KeyError: "None of [Index([(521455, 521457)], dtype='object', name='edge_id')] are in the [index]"
fairliereese commented 4 years ago

I'm assuming this is with the data you've already shared with me? I'll try running it on my end.

ashokpatowary commented 4 years ago

@fairliereese

Yah I am having it in that dataset also.

Thanks

fairliereese commented 4 years ago

It looks like this is a pandas version issue. What version of pandas are you running? You can find out by running the following in Python.

import pandas as pd
print(pd.__version__)
ashokpatowary commented 4 years ago

Its 0.25.2

ashokpatowary commented 4 years ago

@fairliereese on which version it's working? I can install that specific version.

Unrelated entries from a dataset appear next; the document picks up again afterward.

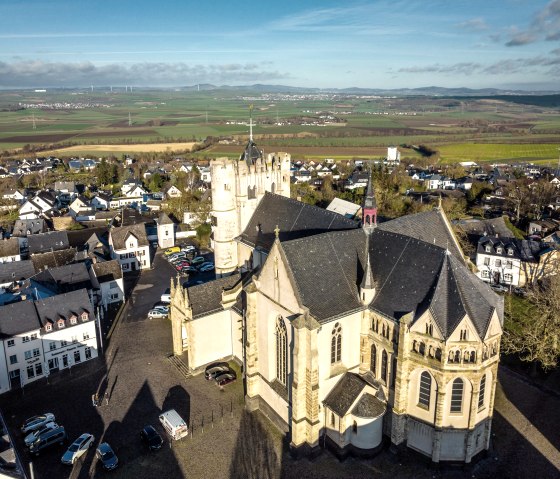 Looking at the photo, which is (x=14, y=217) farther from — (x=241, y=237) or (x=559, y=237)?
(x=559, y=237)

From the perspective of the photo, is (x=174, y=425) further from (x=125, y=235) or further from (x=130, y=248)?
(x=125, y=235)

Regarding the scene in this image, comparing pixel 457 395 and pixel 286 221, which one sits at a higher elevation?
pixel 286 221

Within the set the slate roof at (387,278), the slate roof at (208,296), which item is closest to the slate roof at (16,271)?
the slate roof at (208,296)

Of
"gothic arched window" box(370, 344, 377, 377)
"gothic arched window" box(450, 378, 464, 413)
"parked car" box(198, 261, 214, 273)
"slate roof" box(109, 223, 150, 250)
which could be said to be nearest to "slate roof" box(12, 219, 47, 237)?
"slate roof" box(109, 223, 150, 250)

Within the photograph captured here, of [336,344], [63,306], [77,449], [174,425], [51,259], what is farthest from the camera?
[51,259]

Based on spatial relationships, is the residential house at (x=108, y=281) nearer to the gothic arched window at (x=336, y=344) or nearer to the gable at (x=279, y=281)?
the gable at (x=279, y=281)

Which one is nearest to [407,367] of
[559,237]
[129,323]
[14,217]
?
[129,323]

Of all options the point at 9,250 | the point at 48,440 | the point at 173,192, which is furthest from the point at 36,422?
the point at 173,192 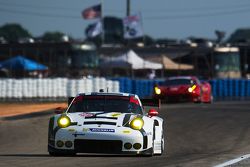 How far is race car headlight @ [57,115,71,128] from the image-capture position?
43.0ft

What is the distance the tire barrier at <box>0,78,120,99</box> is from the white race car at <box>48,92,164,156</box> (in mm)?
29259

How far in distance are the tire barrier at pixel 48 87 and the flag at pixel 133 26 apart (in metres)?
12.2

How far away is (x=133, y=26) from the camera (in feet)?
182

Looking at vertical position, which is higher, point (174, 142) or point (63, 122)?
point (63, 122)

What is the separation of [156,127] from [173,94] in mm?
20814

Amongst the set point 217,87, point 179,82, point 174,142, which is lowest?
point 174,142

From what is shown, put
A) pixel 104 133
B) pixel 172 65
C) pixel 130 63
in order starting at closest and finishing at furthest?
pixel 104 133 < pixel 130 63 < pixel 172 65

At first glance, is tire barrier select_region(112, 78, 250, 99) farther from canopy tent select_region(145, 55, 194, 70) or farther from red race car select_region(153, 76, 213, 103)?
red race car select_region(153, 76, 213, 103)

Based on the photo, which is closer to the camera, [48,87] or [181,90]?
[181,90]

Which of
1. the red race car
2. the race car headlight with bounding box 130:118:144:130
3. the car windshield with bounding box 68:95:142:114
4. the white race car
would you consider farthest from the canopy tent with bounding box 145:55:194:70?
the race car headlight with bounding box 130:118:144:130

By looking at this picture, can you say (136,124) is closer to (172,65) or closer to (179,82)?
(179,82)

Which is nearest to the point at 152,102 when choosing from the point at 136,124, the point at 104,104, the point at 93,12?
the point at 104,104

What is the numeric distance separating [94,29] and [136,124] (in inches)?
1954

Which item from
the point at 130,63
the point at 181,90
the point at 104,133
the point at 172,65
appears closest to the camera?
the point at 104,133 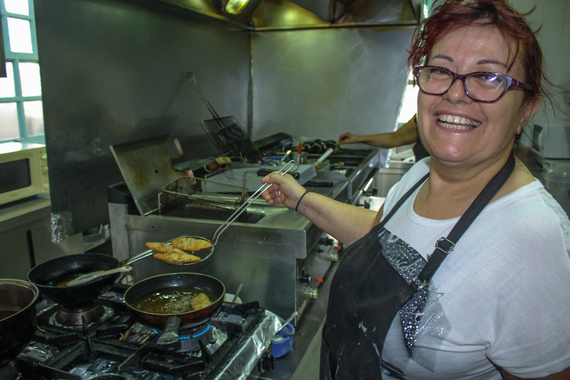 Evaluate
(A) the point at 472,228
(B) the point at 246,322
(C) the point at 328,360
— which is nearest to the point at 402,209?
(A) the point at 472,228

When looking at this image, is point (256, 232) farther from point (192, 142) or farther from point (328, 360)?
point (192, 142)

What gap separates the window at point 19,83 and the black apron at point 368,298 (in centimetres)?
290

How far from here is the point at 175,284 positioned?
51.8 inches

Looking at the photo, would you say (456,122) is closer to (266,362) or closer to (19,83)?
(266,362)

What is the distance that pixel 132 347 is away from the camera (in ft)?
3.49

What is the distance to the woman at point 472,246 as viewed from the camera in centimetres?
72

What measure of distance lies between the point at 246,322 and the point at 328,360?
252 mm

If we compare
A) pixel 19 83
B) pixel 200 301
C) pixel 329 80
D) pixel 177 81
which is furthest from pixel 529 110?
pixel 19 83

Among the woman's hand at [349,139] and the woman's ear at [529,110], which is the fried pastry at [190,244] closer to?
the woman's ear at [529,110]

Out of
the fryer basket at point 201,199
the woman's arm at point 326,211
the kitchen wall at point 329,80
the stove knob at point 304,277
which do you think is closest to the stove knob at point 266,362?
the stove knob at point 304,277

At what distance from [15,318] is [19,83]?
10.3 ft

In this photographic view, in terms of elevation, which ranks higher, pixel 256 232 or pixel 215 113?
pixel 215 113

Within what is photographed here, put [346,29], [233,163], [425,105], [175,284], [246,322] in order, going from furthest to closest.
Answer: [346,29]
[233,163]
[175,284]
[246,322]
[425,105]

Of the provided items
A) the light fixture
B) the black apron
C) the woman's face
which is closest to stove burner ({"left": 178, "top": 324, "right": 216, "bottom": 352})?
the black apron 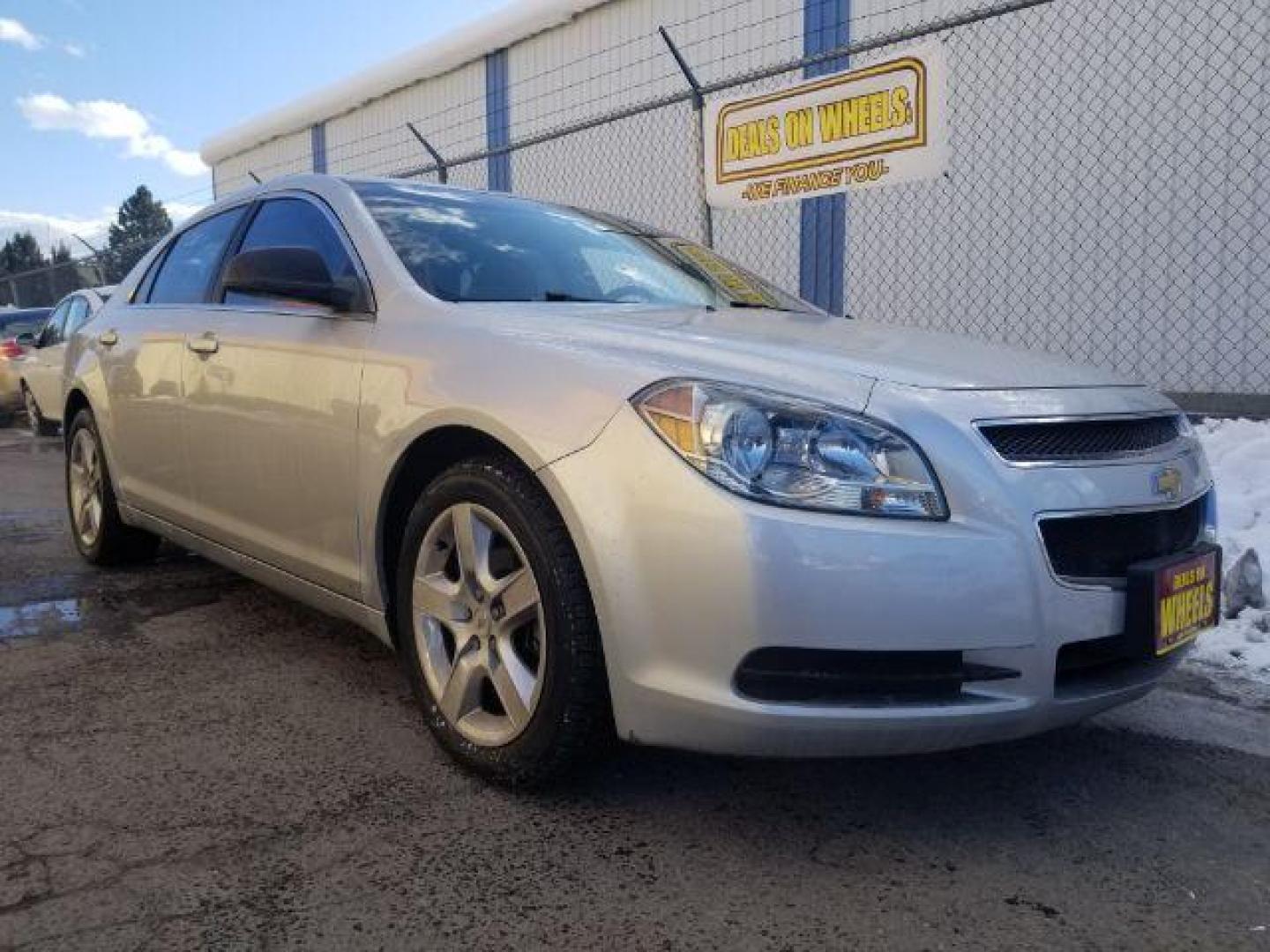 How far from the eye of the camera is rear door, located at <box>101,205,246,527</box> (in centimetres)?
393

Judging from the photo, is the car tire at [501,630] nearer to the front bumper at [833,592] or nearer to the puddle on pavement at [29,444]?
the front bumper at [833,592]

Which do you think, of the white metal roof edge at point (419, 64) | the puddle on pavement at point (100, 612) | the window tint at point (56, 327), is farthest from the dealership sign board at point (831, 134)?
the window tint at point (56, 327)

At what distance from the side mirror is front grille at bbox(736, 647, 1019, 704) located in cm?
167

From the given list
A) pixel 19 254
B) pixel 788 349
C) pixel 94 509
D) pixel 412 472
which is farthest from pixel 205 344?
pixel 19 254

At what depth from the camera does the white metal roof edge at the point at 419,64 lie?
12.3 metres

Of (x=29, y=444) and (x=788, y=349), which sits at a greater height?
(x=788, y=349)

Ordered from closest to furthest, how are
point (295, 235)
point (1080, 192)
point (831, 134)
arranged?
1. point (295, 235)
2. point (831, 134)
3. point (1080, 192)

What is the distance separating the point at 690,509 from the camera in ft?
6.88

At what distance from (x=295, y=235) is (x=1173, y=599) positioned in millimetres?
2825

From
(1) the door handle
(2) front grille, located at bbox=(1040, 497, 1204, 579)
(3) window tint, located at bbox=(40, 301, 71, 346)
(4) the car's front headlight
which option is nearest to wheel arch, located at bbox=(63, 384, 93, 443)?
(1) the door handle

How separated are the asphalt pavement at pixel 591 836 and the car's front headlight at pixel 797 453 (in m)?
0.78

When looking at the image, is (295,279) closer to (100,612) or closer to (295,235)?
(295,235)

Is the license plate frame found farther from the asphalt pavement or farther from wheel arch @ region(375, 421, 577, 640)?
wheel arch @ region(375, 421, 577, 640)

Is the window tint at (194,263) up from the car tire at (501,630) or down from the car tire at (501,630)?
up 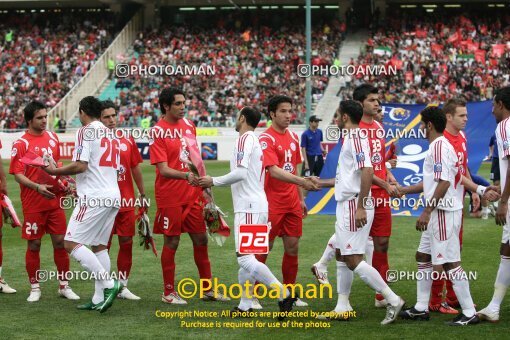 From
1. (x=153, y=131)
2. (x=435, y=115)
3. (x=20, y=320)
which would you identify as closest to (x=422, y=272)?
(x=435, y=115)

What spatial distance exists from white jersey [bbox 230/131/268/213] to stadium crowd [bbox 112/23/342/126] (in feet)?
97.9

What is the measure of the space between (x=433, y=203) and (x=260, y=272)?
1886mm

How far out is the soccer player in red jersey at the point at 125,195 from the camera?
390 inches

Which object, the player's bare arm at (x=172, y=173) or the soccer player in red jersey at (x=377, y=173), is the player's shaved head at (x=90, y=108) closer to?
the player's bare arm at (x=172, y=173)

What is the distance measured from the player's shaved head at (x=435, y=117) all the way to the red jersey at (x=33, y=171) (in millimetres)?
4535

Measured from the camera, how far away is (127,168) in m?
10.1

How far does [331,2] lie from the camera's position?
48.3 metres

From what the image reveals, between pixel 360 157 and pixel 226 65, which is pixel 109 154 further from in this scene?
pixel 226 65

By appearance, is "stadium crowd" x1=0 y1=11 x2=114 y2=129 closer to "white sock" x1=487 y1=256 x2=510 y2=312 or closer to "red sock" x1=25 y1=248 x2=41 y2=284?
"red sock" x1=25 y1=248 x2=41 y2=284

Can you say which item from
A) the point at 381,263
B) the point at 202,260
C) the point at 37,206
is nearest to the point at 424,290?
the point at 381,263

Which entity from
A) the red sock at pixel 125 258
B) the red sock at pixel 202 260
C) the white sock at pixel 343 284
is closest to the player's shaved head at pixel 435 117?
the white sock at pixel 343 284

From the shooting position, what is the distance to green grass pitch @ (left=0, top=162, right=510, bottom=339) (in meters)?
7.87

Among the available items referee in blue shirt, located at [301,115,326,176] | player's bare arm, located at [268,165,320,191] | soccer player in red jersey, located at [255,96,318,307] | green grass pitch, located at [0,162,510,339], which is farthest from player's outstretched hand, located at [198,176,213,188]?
referee in blue shirt, located at [301,115,326,176]

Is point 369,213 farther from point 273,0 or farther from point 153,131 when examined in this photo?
point 273,0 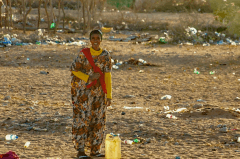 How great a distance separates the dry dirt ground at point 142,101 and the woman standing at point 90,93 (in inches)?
14.1

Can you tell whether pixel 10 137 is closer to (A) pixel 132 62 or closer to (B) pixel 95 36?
(B) pixel 95 36

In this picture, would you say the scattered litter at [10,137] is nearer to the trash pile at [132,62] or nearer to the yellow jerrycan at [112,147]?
the yellow jerrycan at [112,147]

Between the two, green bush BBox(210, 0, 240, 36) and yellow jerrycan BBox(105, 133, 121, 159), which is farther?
green bush BBox(210, 0, 240, 36)

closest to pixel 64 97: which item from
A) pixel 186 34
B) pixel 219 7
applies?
pixel 186 34

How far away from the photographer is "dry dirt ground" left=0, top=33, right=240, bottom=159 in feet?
13.0

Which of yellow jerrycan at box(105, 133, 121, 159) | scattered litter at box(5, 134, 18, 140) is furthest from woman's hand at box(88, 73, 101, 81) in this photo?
scattered litter at box(5, 134, 18, 140)

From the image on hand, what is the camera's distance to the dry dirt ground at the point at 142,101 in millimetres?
3961

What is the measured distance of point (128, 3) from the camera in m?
29.6

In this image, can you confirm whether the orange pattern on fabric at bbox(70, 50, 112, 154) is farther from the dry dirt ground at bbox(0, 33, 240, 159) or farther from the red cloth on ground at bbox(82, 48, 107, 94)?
the dry dirt ground at bbox(0, 33, 240, 159)

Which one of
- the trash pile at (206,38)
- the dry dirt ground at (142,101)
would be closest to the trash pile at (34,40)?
the dry dirt ground at (142,101)

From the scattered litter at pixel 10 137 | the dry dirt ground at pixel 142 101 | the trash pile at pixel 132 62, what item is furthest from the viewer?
the trash pile at pixel 132 62

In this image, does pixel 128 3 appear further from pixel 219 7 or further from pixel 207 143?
pixel 207 143

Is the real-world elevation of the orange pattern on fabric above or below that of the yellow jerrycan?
above

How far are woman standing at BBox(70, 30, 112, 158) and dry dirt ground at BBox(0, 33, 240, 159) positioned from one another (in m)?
0.36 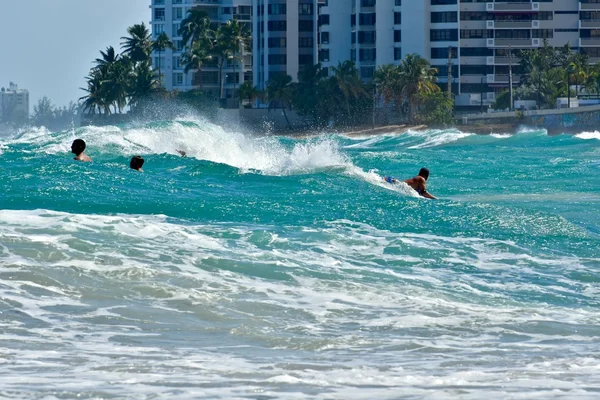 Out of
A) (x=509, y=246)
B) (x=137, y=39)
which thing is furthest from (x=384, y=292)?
(x=137, y=39)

fairliereese commented 4 years ago

I am still trying to figure it out. I just got it to work on version 1.0.5 but I'm having trouble recreating the error that I got the first time around.

ashokpatowary commented 4 years ago

Thanks @fairliereese

Bellow is the list version of pandas dependencies I am having. If it helps anyways


INSTALLED VERSIONS
------------------
commit           : None
python           : 3.7.0.final.0
python-bits      : 64
OS               : Linux
OS-release       : 2.6.32-754.23.1.el6.x86_64
machine          : x86_64
processor        : x86_64
byteorder        : little
LC_ALL           : None
LANG             : en_US.UTF-8
LOCALE           : en_US.UTF-8

pandas           : 0.25.2
numpy            : 1.17.3
pytz             : 2019.3
dateutil         : 2.8.0
pip              : 19.1.1
setuptools       : 41.4.0
Cython           : 0.29.7
pytest           : None
hypothesis       : None
sphinx           : None
blosc            : None
feather          : None
xlsxwriter       : None
lxml.etree       : 4.3.3
html5lib         : None
pymysql          : None
psycopg2         : None
jinja2           : 2.10.3
IPython          : 7.8.0
pandas_datareader: None
bs4              : None
bottleneck       : None
fastparquet      : None
gcsfs            : None
lxml.etree       : 4.3.3
matplotlib       : 3.1.1
numexpr          : None
odfpy            : None
openpyxl         : None
pandas_gbq       : None
pyarrow          : None
pytables         : None
s3fs             : None
scipy            : 1.4.1
sqlalchemy       : None
tables           : None
xarray           : None
xlrd             : None
xlwt             : None
xlsxwriter       : None

fairliereese commented 4 years ago

Looks like my first intuition was wrong. I missed a case in implementing support for GTFs with entries in the order that yours are... I'll see what I can do. Thanks for being a great beta tester!

fairliereese commented 4 years ago

Okay, I think everything should be in working order for you now. I was able to run everything with your data!

Unfortunately after installing the new version you will have to re-add all your datasets to the SwanGraph. I hope this works!

ashokpatowary commented 4 years ago

Thank @fairliereese for your quick response. I will re-add it and will proceed fresh.

Thanks again.